As a software-controlled platform, Hypsos sees itself as rather future proof. Its present features impress already. It starts by combining linear and switching elements to harness the strengths of either for low noise, fast transient response and high efficiency. Sweet-spot tuning you saw mentioned already. There's also a trigger port to wake up an attached device via its own standby command and compatibility with Apple's TV remote. Pre-configured settings scroll through a library of likely device candidates. The extra power-sensing cable poles claim to eliminate the effects of cable resistance for better transient response while automatic transformer voltage adjustments and protection against over-voltage/current and dead shorts create peace of mind. It did rather all read like a perfect go-faster mod for us nutty lads at the hifi race track. I couldn't wait to take Hypsos for a spin. With it and my speakers both from Poland, wouldn't I have PolskiFi squared? I've long thought of Poland as Europe's other Germany whose resourceful people share the Teutonic work ethic. On paper, Hypsos certainly ticked off those boxes. It also looked ultra contemporary and compact. That's not easy to do for a plain power supply. Would it give my Midi 150 boxes that overdrive injection I didn't even know they secretly dreamed of?

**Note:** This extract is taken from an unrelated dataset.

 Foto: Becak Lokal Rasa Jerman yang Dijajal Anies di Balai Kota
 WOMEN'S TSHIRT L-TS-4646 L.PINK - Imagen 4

Another firm which believes in hybrid power supplies are music-server specialists Antipodes Audio of New Zealand. In our recent review of their S30 & K50 models, chief engineer Mark Jenkins opined that "linear power supplies are fundamentally quieter but also lazier than switching equivalents whose higher speed can audibly profit specific sections of digital circuitry". His solution is to combine both. Meanwhile Manley Labs have switched exclusively to Bruno Putzeys-designed custom SMPS for their tube gear because, among other things, those supplies eliminate the power line's 50/60Hz hum and its harmonics to make their electronics quieter. The aspect of Hypsos I couldn't wrap my head around without further intel from its designers was its Variac-style adjustable DC output.
The parts which make up a Hypsos front panel.
One usually expects best results from circuity with a fixed reference voltage. Think of premium voltage regulators like Teddy Pardo or Belleson super regs. Post power transformer, those deliver discrete non-fluctuating voltages to various sub circuits. But Hypsos steps proudly out of line. It advertises variable precision voltage as its unique selling proposition. How could variability and peak performance coexist? How does Hypsos accomplish its anything-between-5-to-30V trick to better its fixed elders?
I sent Fram designer Jarek a link to the above and got back that "as the Americans say, no fun without risk. This will be an excellent test! The boys from Ferrum will do their own and try my Midi 120 minis with their PSU on Tuesday. I'm very curious about their impressions and yours." Here you see my current Midi 150 setup on the desktop. It's simplicity itself. A Win7/64 HP workstation outputs USB to an Audiobyte battery-powered Hydra X1 reclocker. Via coax that hits the speakers, via BNC the COS Engineering H1 DAC/pre for headphones. In her smaller upstairs atelier, my wife runs Midi 120 off a vintage 160GB iPod's S/PDIF in a ProJect dock. Don't fix what ain't broke. Hypsos would go there as well.
While I had Jarek's ear, a mandatory question was what if any escalation of his 24V/5A value the Midi 150 and 120 would tolerate. Why stress out parts beyond their intended tolerances to begin with? I certainly didn't want acrid smoke signals or shorter life expectancies. From the Greek, "hypsos is a philosophical concept comparable to the modern concept of the sublime; or a moment that brings oral speech to an astonishing and monumental pause. Its root hypso literally means 'aloft', 'height' or 'on 'high'."
Sublime would be fantastic. So would struck deaf if it be me and not the attached components. "According to my Texas Instruments data sheet, their maximum allowable voltage is 30V, maximum recommended 26V. I will test all this in my lab because the Texas IC has lots of protection circuits inside. Those will probably kick in well before anything burns. I have other doubts but let me check everything step by step. A Midi 120 parcel is waiting on Monday's courier so Ferrum can test it in Pruszków on Tuesday. I will test some spare Midi electronics when my Hypsos lands in Kraków. So no worries. You will have all the necessary info to conduct a safe review." Properly resourceful, nothing left to chance.